To get the exposure right, I slowly pushed the scene brighter until the small blob of highlights in my histogram (the moon) hit the right side, then gave it one more stop of light (so the moon looked completely blown in the preview), knowing (fingers crossed) I could recover them later. I was slightly apprehensive because I still hadn’t processed any images from my new Sony a7RIV, but I was confident that it would have at least as much dynamic range as as my a7RIII, and just approached the exposure the same. All’s well that ends well—phew.
In a workshop my own photography isn’t a priority, so I didn’t get a lot of opportunity to play with my new toys on that trip. But my sense is that I’m going to love this new lens. Though its size means the 200-600 probably won’t replace my Sony 100-400 GM lens (which I love, BTW) as a full-time passenger in my camera bag, it will almost certainly be my default “big moon” lens. And my preliminary feelings are that the dynamic range of the a7RIV is indeed at least as good as the a7RIII (which is pretty incredible too).
Helping my workshop group with this crescent moon shoot got me thinking about metering, and how important it is to have it down cold. I’ve written a document on metering that I provide to all my groups to help them get up to speed before each workshop, but I’ve actually changed the way I meter in the few years since I wrote it. The old approach isn’t invalid (in fact, I think any serious photographer should be able to meter the old fashioned way), but I do think live-view histograms have made it a lot easier. So this week I rewrote my document and am sharing it below. (Please forgive any typos—it’s a work in progress.)
Cameras seem to be getting “smarter” every year. So smart, in fact, that for most scenes, duplicating a two-dimensional version of what your eyes see is a simple matter of pointing your camera and clicking the shutter button. That’s fine if all you care about is recording a memory, but not only is there more to photography than approximating “reality,” there are many creative reasons to override the camera’s choices.
For the creative control that elevates your images above the billions of clicks being cranked out every day, giving your camera the control of photography’s most important decisions ignores an undeniable truth…
Sorry—mine is too. And while I can easily cite many examples, right now it’s just important to understand that your camera thinks the entire world is a middle tone. Regardless of what its meter “sees,” without intervention your camera will do everything in its power to make your picture a middle tone. Sunlit snowman? Lump of coal at the bottom of your Christmas stocking? It doesn’t matter—if you let your camera decide the exposure, your subject will turn out gray.
Modern technology offers faux-intelligence to help overcome this limitation. Usually called something like “matrix” or “evaluative” metering, this solution compares your scene to a large but finite internal database of choices, returning a metering decision based on the closest match. This works pretty well for conventional “tourist” snaps, but often struggles in the warm or dramatic light artistic photographers prefer—and it knows nothing of creativity. If you want to capture more than documentary “I was here” pictures, you really do need to take full control of your camera’s metering and exposure.

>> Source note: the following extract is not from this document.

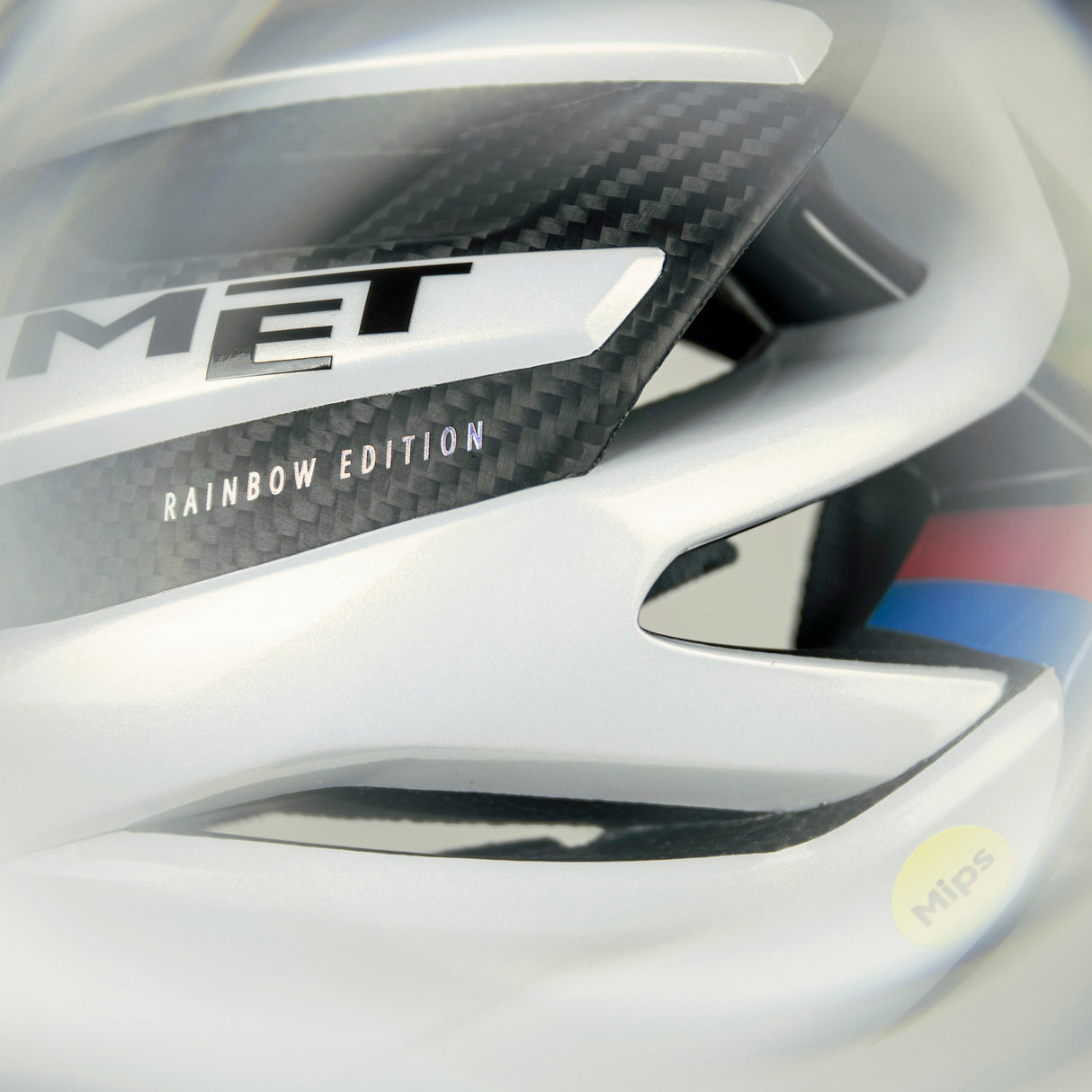 Casco Met Trenta 3K Carbon Mips Tadej Pogacar - Rainbow Limited Edition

Fortunately, this isn’t nearly as difficult as most people fear (or as it once was).
The amount of light captured for any given scene varies with the camera’s shutter speed, f-stop, and ISO settings. Photographers measure captured light in “stops,” much as a cook uses a cup (of sugar or flour or chocolate chips or whatever) to measure ingredients in a recipe. Adding or subtracting “stops” of light by increasing or decreasing the shutter speed, f-stop, or ISO makes an image brighter or darker.
The simple beauty of metering is that a stop of light is a stop of light is a stop of light—it’s always the same amount of light, whether you change it with the:
- Aperture: The opening light passes through when the shutter opens, measured in f-stops (though aperture and f-stop are almost always used interchangeably, aperture is the actual opening, while f-stop is the ratio of the focal length to the aperture size we use to measure the amount of light that reaches the sensor). Since f-stop is a ratio, the higher the number, the smaller the aperture. Doubling the f-stop number decreases the light by two stops; halving the f-stop number increases the light by two stops. To memorize f-stops in one-stop increments, I keep track of two overlapping f-stop series, one starting at f/1, the other at f/1.4. Doubling then interleaving the results returns one-stop f-stop increments: f/1, f/1.4, f/2, f/2.8, f/4, f/5.6, f/8, f/11, f/16/, f/22, and so on.
- Shutter speed: The time the shutter is open, allowing light to pass through the aperture to reach the sensor. Doubling the shutter speed (open less time) reduces the light by one stop; halving the shutter speed adds one stop.
- ISO: The sensitivity of the sensor (or film) to light. Doubling the ISO adds one stop of light; halving the ISO subtracts one stop.
But while an aperture stop adds/subtracts the same amount of light as a shutter speed or ISO stop, the resulting picture can still vary significantly.
Your aperture choice determines the picture’s depth of field (DOF), while your shutter speed choice determines whether motion in the frame is stopped or blurred. And while an ISO stop also adds/subtracts the same amount of light as shutter speed and aperture without affecting motion and depth, image quality decreases as the ISO increases. So getting the light right is only part of the exposure objective—you also need to consider how you want to handle any motion in the scene, how much DOF to capture, and the ISO that generates the least noise.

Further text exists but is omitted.